Exercise objective — Print the entries below word for word; the pictures stay out of your copy.

[Web page caption snippets]

'''

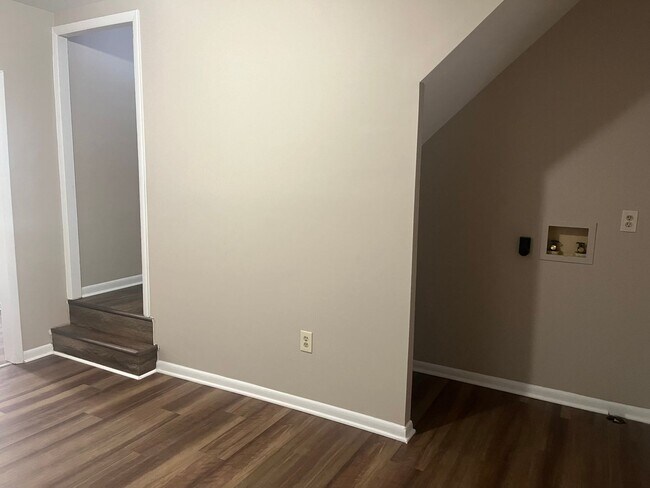 Foto del edificio - 208 1/2-210 N. Jonathan Street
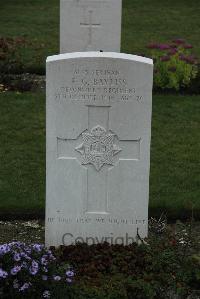 Philosophe British Cemetery Mazingarbe - Bayliss, Frederick George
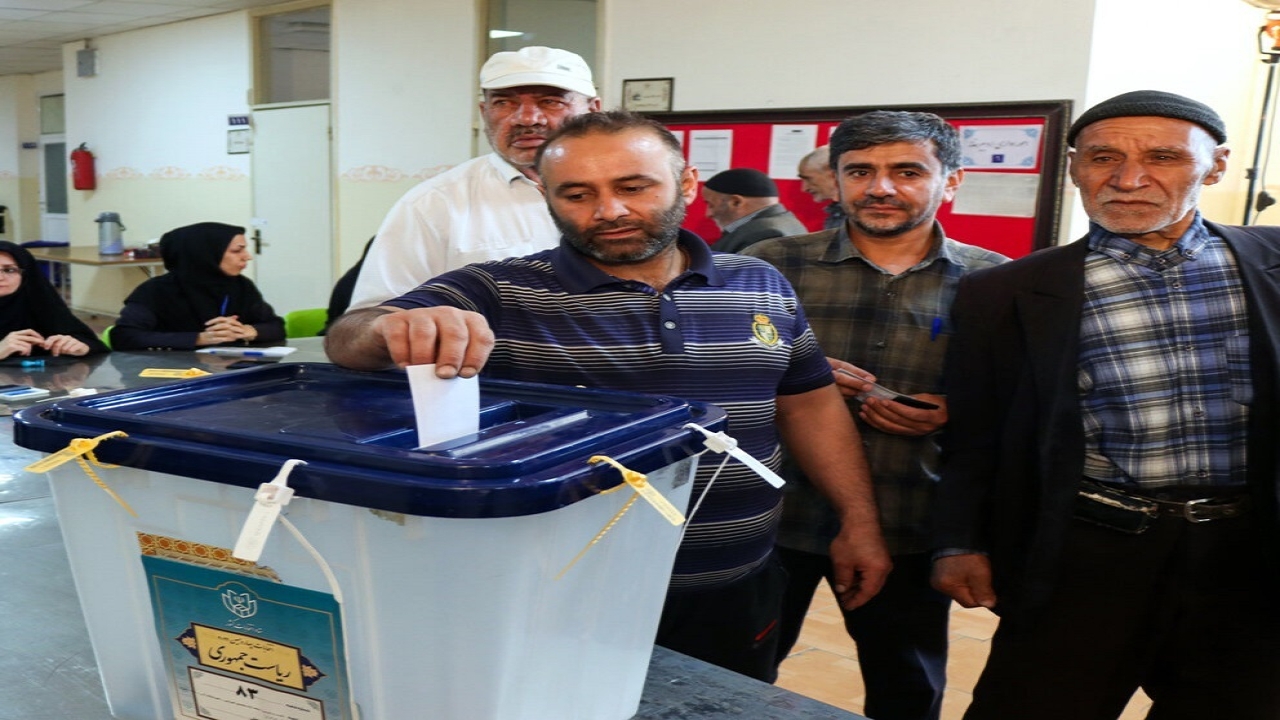 مشارکت در انتخابات لازمه ایرانی آزاد،‌ آباد و سربلند است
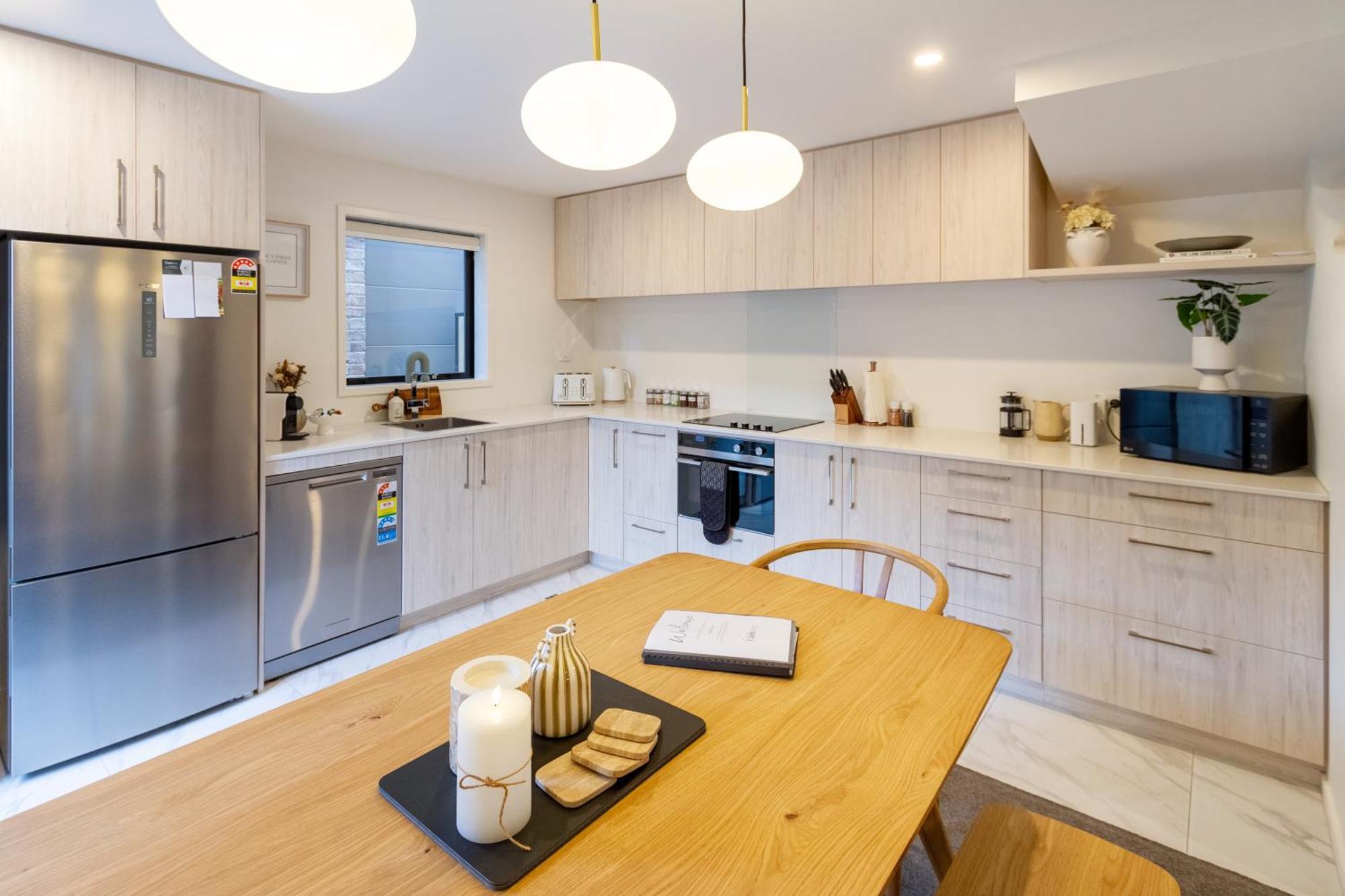 Stylish Central City Townhouse Next To Little High كريستتشيرش المظهر الخارجي الصورة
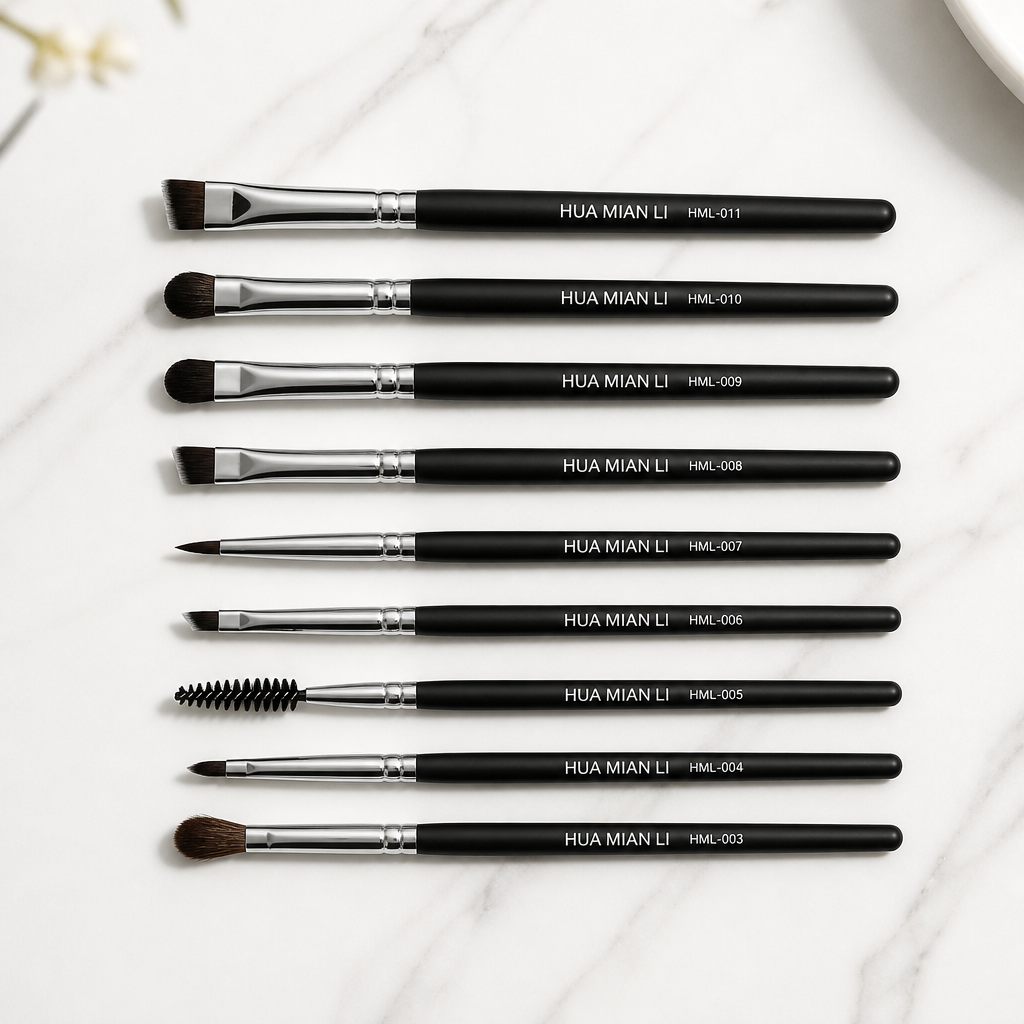 Eye shadow & eye liner brushes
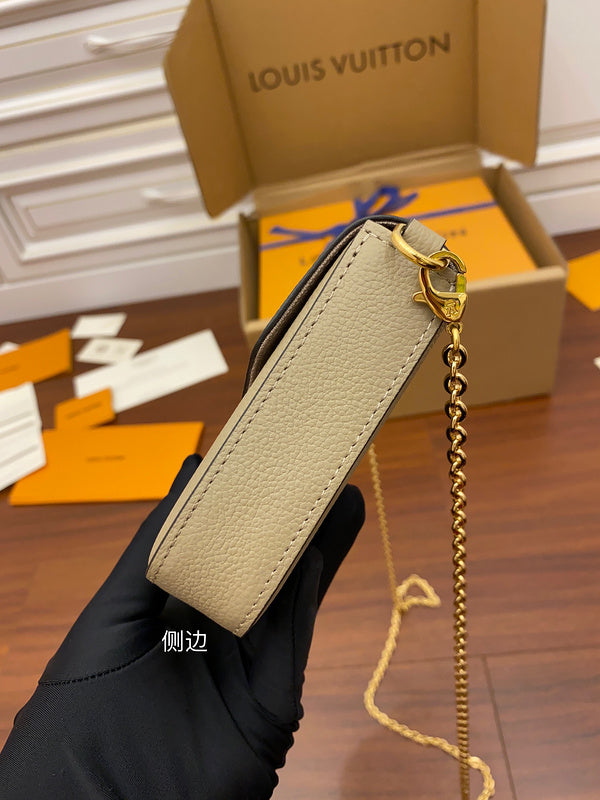 Amelia's Bag Gallery - LOV Bags - 995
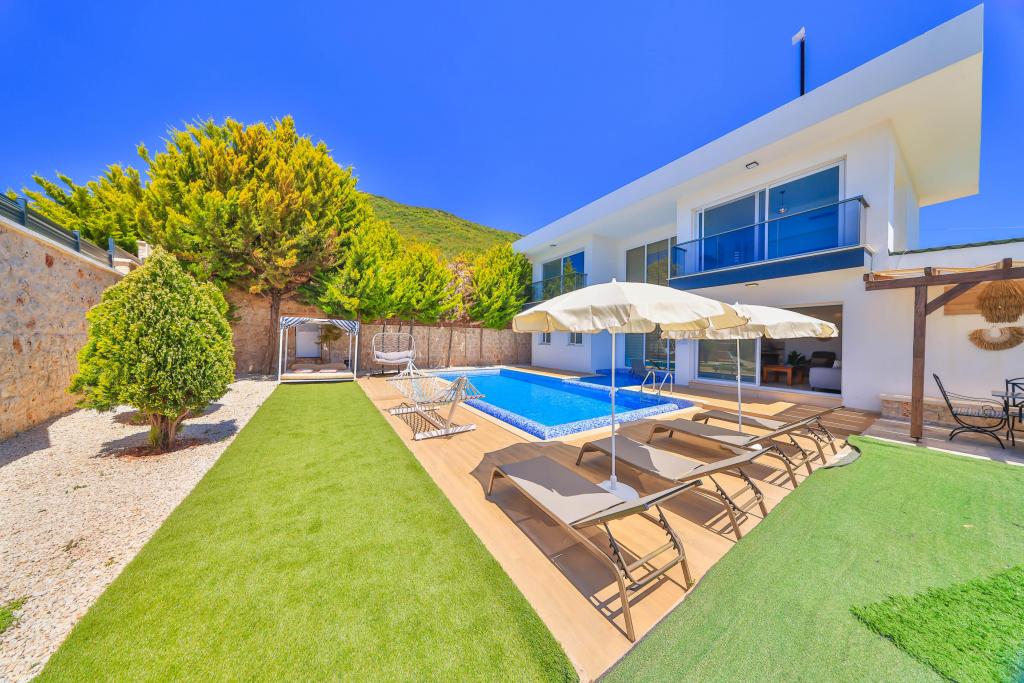 Villa 3+1 Oda-Özel Havuzlu,Dağ veya Havuz Manzaralı,Özel Havuzlu ve Bahçeli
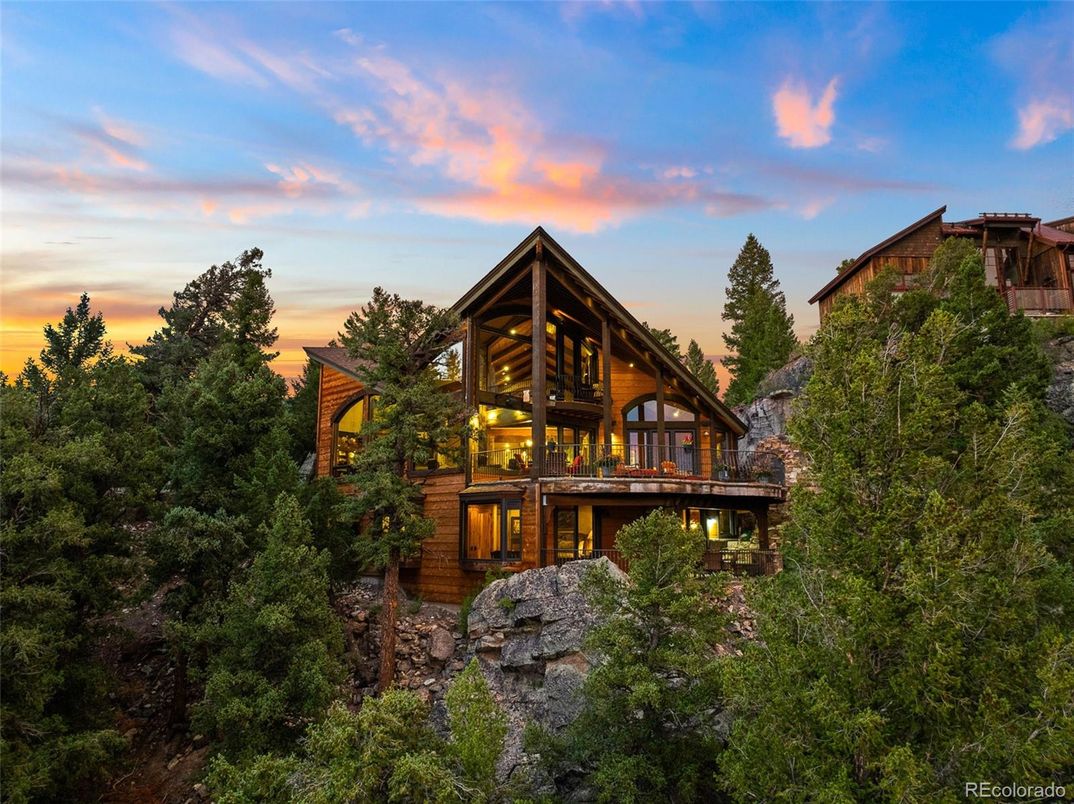Exterior, Facade, Log Home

'''

Answer space —
 Foto del edificio - 208 1/2-210 N. Jonathan Street
 Philosophe British Cemetery Mazingarbe - Bayliss, Frederick George
 مشارکت در انتخابات لازمه ایرانی آزاد،‌ آباد و سربلند است
 Stylish Central City Townhouse Next To Little High كريستتشيرش المظهر الخارجي الصورة
 Eye shadow & eye liner brushes
 Amelia's Bag Gallery - LOV Bags - 995
 Villa 3+1 Oda-Özel Havuzlu,Dağ veya Havuz Manzaralı,Özel Havuzlu ve Bahçeli
Exterior, Facade, Log Home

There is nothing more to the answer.